As a final thought, I therefore would like to propose five key questions that we, as human rights actors, should answer:

  1. Alliances: What alliances do we need to form? How can we succeed in stepping outside our own bubble? How should we work with EU institutions; how should we work with state actors? Where are our red lines?
  2. Time frame: How do we define our goals; are they short or long term? Is our focus on celebrating small achievements, or are we developing strategies for more fundamental change? How can we ensure constant reflection, so that we evaluate our goals and our ways of achieving them on a regular basis?
  3. Anti-crisis communication: How can we change existing narratives? How can we deconstruct concepts such as “crisis”, “emergency”, “disaster”, “influx”, “floods” and “waves”, which are more reminiscent of natural disasters than of refugee movements? How can we convey that crises and illegality are manufactured constructs?
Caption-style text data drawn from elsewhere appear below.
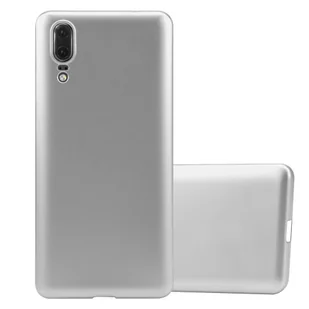 Pokrowiec Do Huawei P20 w METALLIC SREBRNY Etui TPU Silikon Obudowa Ochronny Case Cover Cadorabo - Etui i futerały do telefonów - miniaturka - grafika 1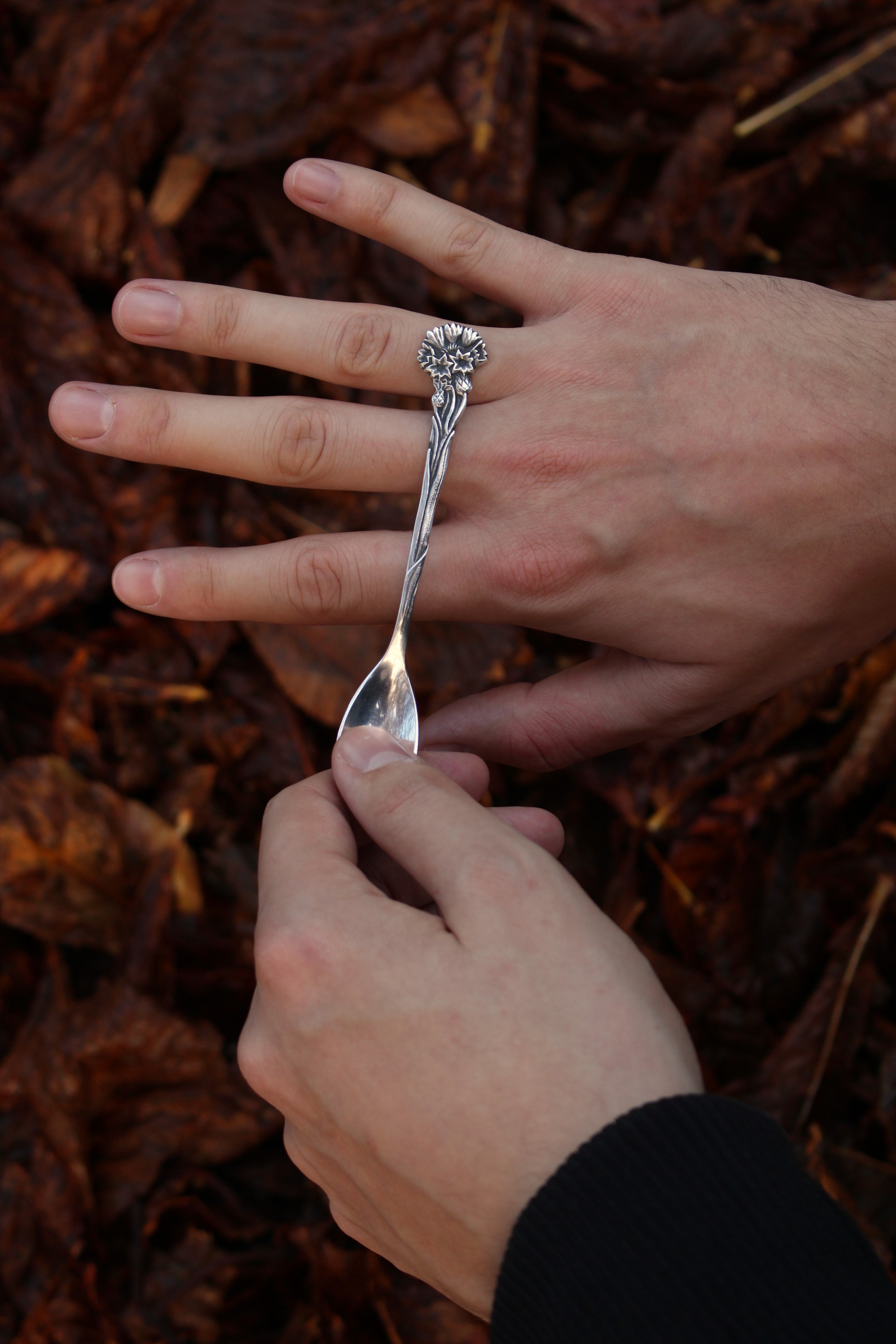 Cornflower Flower Ring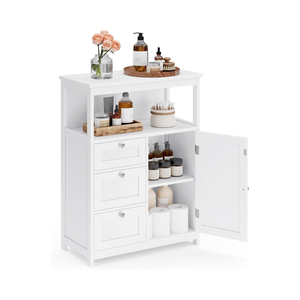 Freestanding Storage Cabinet with 3 Drawers
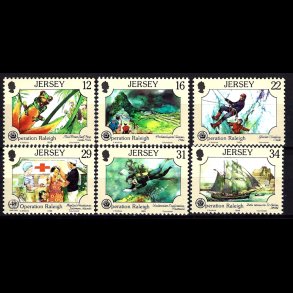 Jersey postfrisk AFA 437-442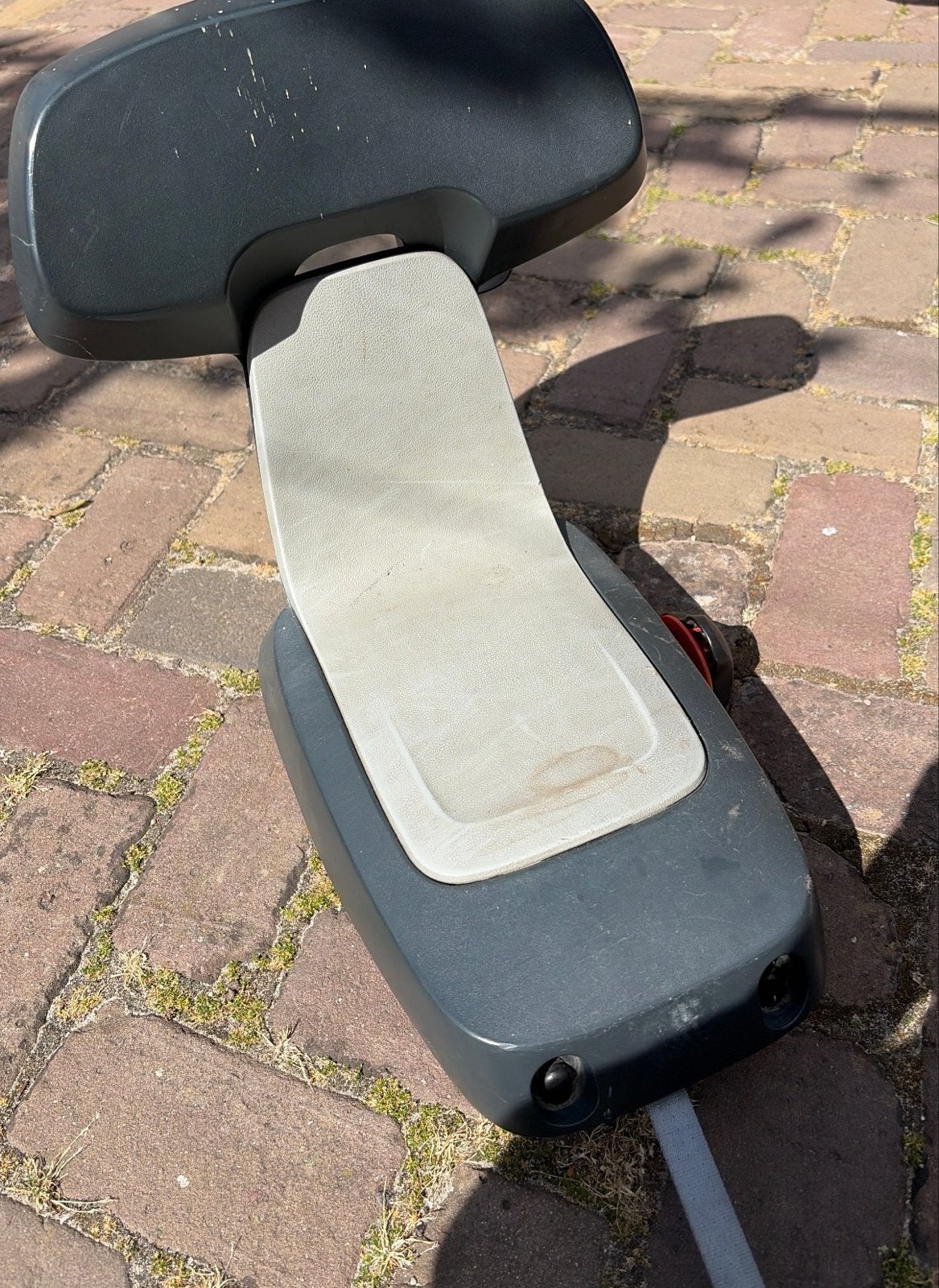 Polisport Guppy fietsstoeltje achterzijde - 22kg -, Ophalen of Verzenden, Gebruikt, 22 t/m 36 kg, Achterzitje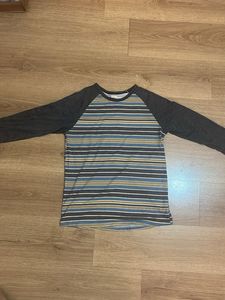 Striped Raglan Tee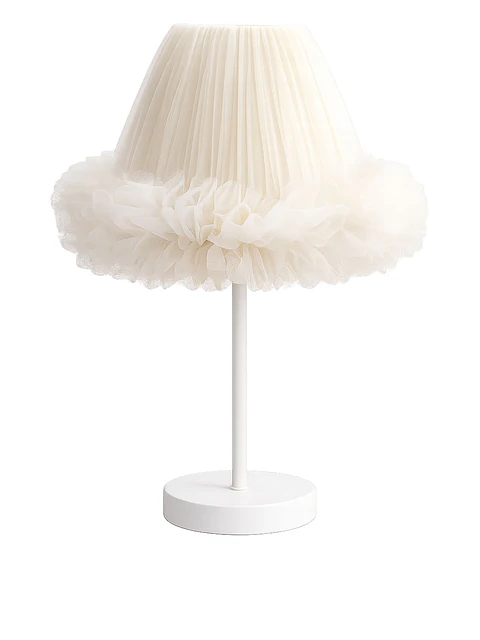 Lampara Velador -Linea Cisne Crema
  4. “Us” and “them”: How can we avoid these arbitrary, binary boundaries? How can we build bridges? How can our commonalities be reinforced in everyday life?
  5. Humanitarianism vs. rights discourse: Do we see refugees as victims or as actors with agency? How do we reflect on our position of power in our role as aid workers? How can we exercise this power carefully, without falling into paternalism, expectations or even demands of gratitude?

1 This post reflects the author’s personal views, not necessarily those of the United Nations or UNHCR.